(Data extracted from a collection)

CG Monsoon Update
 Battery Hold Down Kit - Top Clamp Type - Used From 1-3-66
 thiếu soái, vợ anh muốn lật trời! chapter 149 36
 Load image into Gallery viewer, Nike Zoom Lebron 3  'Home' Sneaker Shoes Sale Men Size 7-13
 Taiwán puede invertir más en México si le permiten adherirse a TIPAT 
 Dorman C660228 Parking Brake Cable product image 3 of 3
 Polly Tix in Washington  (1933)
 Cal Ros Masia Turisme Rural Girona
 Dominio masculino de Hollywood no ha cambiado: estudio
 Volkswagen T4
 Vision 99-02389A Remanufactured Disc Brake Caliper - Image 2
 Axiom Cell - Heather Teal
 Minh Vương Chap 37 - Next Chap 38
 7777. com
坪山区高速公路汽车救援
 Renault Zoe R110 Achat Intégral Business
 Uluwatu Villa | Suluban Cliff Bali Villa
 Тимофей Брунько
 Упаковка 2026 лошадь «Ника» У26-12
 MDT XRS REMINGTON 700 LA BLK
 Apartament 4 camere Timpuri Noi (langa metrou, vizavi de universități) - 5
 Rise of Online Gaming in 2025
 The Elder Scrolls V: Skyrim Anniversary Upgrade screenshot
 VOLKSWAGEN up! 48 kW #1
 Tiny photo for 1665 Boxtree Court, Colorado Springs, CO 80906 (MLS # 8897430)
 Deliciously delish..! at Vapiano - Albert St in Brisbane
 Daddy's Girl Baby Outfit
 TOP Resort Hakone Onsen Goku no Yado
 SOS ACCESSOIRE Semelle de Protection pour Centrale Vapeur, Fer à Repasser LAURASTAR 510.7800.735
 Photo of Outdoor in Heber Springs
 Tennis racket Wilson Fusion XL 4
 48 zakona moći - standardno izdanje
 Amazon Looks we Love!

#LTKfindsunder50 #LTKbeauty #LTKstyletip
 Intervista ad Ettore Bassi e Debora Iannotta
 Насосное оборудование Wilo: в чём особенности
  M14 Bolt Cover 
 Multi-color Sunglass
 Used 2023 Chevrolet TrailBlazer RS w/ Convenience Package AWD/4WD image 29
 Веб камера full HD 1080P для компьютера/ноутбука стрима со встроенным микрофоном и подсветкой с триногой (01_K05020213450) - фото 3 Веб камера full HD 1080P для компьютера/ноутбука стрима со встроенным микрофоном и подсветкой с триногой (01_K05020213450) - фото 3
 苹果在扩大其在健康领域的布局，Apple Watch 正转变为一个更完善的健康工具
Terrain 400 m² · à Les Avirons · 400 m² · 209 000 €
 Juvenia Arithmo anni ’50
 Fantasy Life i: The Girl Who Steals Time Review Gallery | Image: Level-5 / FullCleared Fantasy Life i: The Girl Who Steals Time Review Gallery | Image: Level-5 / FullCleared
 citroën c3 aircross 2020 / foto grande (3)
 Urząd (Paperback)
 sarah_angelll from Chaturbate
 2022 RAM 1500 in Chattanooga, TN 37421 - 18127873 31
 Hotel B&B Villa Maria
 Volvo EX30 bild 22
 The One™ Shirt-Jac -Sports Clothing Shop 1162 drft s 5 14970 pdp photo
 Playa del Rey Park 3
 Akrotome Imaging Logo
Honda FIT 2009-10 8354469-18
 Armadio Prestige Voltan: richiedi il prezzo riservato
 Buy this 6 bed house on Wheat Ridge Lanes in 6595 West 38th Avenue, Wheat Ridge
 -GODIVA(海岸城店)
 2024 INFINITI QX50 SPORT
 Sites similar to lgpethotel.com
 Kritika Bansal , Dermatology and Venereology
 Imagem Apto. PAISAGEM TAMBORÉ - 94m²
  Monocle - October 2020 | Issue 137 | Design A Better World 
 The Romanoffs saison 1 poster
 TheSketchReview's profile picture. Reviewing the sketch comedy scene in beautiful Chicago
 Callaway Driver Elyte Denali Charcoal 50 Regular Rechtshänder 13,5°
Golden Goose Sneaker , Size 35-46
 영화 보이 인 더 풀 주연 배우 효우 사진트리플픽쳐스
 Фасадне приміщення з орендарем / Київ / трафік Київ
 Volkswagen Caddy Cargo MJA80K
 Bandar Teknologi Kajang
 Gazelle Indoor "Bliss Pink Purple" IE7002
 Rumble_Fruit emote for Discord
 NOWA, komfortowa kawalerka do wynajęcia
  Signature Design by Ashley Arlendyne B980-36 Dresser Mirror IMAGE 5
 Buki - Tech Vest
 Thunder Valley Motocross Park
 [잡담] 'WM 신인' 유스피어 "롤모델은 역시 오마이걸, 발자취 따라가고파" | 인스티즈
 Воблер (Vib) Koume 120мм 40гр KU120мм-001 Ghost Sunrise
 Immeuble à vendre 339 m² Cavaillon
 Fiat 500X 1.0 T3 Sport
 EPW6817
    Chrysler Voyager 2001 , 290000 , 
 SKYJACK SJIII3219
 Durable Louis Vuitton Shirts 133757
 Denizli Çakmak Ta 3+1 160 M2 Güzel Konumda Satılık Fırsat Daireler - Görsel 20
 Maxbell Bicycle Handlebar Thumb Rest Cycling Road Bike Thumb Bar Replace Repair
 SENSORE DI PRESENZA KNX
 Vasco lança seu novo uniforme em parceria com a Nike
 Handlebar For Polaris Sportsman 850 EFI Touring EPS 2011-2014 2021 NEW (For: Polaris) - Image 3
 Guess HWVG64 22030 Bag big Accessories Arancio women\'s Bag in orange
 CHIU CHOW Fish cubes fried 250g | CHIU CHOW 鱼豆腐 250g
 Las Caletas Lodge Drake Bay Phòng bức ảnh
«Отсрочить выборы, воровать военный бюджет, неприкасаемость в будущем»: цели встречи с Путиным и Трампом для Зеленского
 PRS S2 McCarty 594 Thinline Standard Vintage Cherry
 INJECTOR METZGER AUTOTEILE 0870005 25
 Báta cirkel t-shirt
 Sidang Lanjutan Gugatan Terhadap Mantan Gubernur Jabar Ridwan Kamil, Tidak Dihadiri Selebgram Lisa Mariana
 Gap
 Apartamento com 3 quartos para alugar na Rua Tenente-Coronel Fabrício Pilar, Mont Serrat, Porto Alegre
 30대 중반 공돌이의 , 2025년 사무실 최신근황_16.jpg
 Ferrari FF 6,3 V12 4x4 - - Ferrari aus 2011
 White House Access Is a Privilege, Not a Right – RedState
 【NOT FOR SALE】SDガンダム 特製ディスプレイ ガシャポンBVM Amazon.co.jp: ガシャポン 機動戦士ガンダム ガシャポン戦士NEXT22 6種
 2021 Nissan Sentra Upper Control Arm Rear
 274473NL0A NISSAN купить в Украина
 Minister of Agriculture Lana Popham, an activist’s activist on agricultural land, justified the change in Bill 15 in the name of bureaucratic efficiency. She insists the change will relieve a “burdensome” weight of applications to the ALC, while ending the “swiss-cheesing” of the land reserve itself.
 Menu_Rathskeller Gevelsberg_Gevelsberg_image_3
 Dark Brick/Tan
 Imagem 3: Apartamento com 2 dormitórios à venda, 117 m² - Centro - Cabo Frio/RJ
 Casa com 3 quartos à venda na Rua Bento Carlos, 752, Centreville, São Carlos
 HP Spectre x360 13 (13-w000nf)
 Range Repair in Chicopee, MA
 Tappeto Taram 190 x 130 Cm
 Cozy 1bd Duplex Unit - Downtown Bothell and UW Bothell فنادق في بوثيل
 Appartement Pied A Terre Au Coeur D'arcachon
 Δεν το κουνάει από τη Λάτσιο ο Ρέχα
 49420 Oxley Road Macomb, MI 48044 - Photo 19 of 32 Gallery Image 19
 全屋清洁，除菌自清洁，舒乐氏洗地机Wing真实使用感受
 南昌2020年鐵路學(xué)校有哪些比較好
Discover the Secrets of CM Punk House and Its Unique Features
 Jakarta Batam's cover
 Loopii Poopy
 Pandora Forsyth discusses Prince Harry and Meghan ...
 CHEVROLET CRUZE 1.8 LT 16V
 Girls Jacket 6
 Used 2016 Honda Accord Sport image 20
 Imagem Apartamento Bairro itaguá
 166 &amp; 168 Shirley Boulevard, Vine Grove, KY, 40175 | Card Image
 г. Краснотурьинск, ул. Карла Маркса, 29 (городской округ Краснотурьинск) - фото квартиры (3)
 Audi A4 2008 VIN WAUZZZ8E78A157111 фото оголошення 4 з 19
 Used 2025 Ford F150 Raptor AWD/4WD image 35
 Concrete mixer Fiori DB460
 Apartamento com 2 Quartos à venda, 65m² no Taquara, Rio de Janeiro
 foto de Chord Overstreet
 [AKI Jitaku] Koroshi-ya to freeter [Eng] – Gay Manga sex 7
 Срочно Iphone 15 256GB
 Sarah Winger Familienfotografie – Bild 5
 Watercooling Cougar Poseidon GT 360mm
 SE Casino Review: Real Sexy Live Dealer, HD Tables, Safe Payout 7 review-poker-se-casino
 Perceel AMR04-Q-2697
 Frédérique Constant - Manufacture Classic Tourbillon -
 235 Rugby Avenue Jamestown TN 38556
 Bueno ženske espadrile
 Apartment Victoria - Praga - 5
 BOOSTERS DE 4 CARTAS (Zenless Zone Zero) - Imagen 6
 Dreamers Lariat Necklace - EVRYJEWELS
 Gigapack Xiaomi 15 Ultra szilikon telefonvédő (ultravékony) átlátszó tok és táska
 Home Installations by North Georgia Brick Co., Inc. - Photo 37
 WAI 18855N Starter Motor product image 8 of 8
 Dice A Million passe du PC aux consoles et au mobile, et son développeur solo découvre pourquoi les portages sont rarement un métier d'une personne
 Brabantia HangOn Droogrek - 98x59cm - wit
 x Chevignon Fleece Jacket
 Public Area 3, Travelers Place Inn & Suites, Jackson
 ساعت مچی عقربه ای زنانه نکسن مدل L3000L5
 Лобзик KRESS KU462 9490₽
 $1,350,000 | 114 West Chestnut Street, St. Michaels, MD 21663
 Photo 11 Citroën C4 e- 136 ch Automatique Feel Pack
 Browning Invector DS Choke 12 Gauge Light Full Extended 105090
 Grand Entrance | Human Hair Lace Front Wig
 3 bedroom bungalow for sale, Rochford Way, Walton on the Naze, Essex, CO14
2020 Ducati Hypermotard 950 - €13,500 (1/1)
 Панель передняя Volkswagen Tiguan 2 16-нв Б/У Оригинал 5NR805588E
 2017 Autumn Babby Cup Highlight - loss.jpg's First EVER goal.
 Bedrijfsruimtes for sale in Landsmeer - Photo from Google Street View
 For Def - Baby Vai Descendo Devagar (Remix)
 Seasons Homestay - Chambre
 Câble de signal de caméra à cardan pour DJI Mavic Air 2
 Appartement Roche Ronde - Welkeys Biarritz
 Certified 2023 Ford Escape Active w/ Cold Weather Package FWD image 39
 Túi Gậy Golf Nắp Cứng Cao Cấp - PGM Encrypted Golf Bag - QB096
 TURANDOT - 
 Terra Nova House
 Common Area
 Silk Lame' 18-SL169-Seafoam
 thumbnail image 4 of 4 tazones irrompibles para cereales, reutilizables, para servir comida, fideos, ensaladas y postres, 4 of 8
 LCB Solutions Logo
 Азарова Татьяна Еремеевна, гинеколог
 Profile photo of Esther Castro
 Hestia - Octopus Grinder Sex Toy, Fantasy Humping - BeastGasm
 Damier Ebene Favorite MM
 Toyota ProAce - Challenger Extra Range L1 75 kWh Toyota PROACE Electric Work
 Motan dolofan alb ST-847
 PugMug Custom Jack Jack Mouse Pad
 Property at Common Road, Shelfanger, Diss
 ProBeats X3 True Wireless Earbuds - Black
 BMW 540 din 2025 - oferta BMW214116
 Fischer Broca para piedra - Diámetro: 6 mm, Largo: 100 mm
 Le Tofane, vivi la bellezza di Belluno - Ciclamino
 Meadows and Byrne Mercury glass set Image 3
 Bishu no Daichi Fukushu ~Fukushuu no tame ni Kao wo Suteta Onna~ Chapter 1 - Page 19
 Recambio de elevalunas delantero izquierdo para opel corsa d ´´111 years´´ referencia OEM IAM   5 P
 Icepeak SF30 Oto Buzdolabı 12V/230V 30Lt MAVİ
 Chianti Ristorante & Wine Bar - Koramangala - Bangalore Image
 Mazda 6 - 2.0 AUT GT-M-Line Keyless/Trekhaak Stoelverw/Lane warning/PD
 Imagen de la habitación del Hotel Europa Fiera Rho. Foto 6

Work instructions
Above are the records; repeat exactly the lines from the one holding "2022 RAM 1500" down to the one holding "Honda FIT 2009-10 8354469-18", end lines included.

Answer for the task
 2022 RAM 1500 in Chattanooga, TN 37421 - 18127873 31
 Hotel B&B Villa Maria
 Volvo EX30 bild 22
 The One™ Shirt-Jac -Sports Clothing Shop 1162 drft s 5 14970 pdp photo
 Playa del Rey Park 3
 Akrotome Imaging Logo
Honda FIT 2009-10 8354469-18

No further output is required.